29.6.05

Sindicatos que não pertencem a este tempo

Se a memória não me atraiçoa, um fenómeno interessante repete-se ciclicamente: quando os socialistas abocanham o poder, cresce a contestação social. Para os devidos efeitos, convencionou-se que a contestação social espelha as manifestações de rua organizadas por uma central sindical correia de transmissão de um partido que não chega a representar 10% do eleitorado. Contestação social também é a expressão das greves que defendem os interesses de uns poucos, nem que para tal seja necessário sacrificar uma imensa maioria.

São os socialistas, uma vez instalados temporariamente no poder, que mais têm suportado o desconforto do vozeirão sindical. O que prova como se rompeu a linearidade do espectro direita-esquerda. Ao comparar os índices de contestação social em governos PSD e em governos PS, em teoria seria mais fácil assistir a representações extremadas de protesto com os primeiros. A prática mostra o contrário. Talvez sinal de que os comunistas arregimentados em torno da CGTP estão mais à vontade para morder as canelas dos socialistas, de quem estão teoricamente mais próximos. O assunto podia ser investigado por psicólogos, para descobrirem o complexo que domina esta relação tormentosa entre socialistas e comunistas. Avanço uma hipótese de trabalho: os primeiros desviaram-se da ortodoxia marxista, à qual os segundos ainda dedicam toda a sua fé. Esta é a sua heresia.

Ontem, mais manifestações de rua, com o condão de serem notícia de abertura em noticiários nocturnos. Desde há algumas semanas que a contestação social fala bem alto nas ruas, pela palavra de sindicalistas catequizados, com o beneplácito de políticos que se grudam às manifestações, numa osmose que não deixa perceber onde começa o sindicalista e termina o filiado no partido. Protestam contra as decisões do governo que ameaçam retirar privilégios exclusivos dos funcionários públicos. Pelo caminho, entoam palavras de ordem, cânticos ao jeito das hooliganescas claques de futebol. Ontem ouvi, numa repetição nauseabunda, chamar “mentirosos” aos membros do governo.
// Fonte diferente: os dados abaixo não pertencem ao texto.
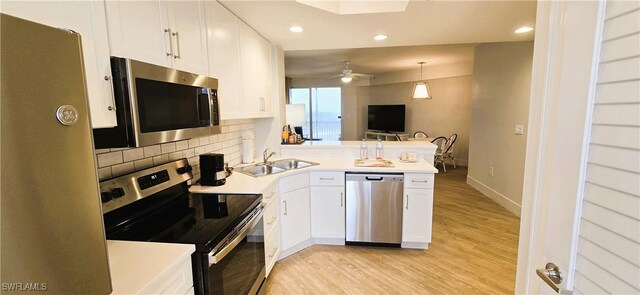 kitchen featuring backsplash, white cabinets, sink, kitchen peninsula, and stainless steel appliances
Num aspecto estou de acordo com os esmerados sindicalistas: este governo tem tomado decisões que são o contrário das promessas eleitorais que foram o cardápio para a sua eleição. Podemos acusar o governo de ser mentiroso, como fazem os sindicatos de inspiração comunista. Podemos contemporizar, como os apaniguados do partido da rosa, dizendo que a ruptura das promessas se deve ao legado dos governos anteriores. Seja qual for a fórmula, é verdade que o programa eleitoral que levou muitos cidadãos a votarem no PS está a ser incumprido. Mas não será este pormenor que mobiliza os sindicatos para o protesto ensurdecedor.

É intrigante como os protestos revelam uma face escondida que irmana socialistas e comunistas. Estes, sem o confessarem, acabam por se rever nas promessas que levaram o Eng. Sócrates à maioria absoluta. De outro modo, como entender que agora manifestem o seu incómodo, chamando mentirosos aos ministros que defraudaram as suas expectativas? Quem sabe se alguns deles, violando a sagrada disciplina partidária, não contribuiriam para a histórica maioria absoluta dos socialistas…

A essência da questão – porque protestam? Em defesa de regalias iníquas, que favorecem os trabalhadores que menos merecem. Apetece aplicar uma máxima do futebol: benefício do infractor. Esquecem-se que há pessoas que não têm a sorte de trabalhar na administração pública, para quem estas regalias são uma miragem. São os sindicatos, professando teorias que se dizem tributárias do valor supremo da “igualdade”, que na prática desmentem o valor. São economistas que trabalham nestes sindicatos que continuam a debitar uma cartilha económica anacrónica como instrumento de crítica às medidas de aperto orçamental que só pecam por serem escassas e por se enganaram no alvo prioritário (aumentar impostos, em vez de cortar a eito nas despesas).

Tenho que aperfeiçoar o espírito cínico que vai habitando em mim. Olho para este panorama e fico revoltado: pelo tempo de antena dado a sindicatos que representam uma minoria, ainda por cima parasitária; pelos disparates proferidos pela douta palavra de sindicalistas e seus gurus; pela condescendência geral, pois quem se opõe às ideias dos sindicatos arrisca-se a que lhe caia em cima o epíteto de “fascista”. Tenho que levar o cinismo ao máximo, para me rir, rir com gargalhadas sonoras com este espectáculo que lança um fogo-fátuo. E pensar: que continuem assim, os sindicatos. Que permaneçam imobilizados num tempo que pertence ao passado. Quanto mais teimarem em serem como sempre foram, menor a credibilidade, menos os adeptos (basta ver a faixa etária dos manifestantes…). Até que um dia o repto final surgirá pela frente: ou se modernizam e perdem o timbre demagógico e politizado, ou desaparecem.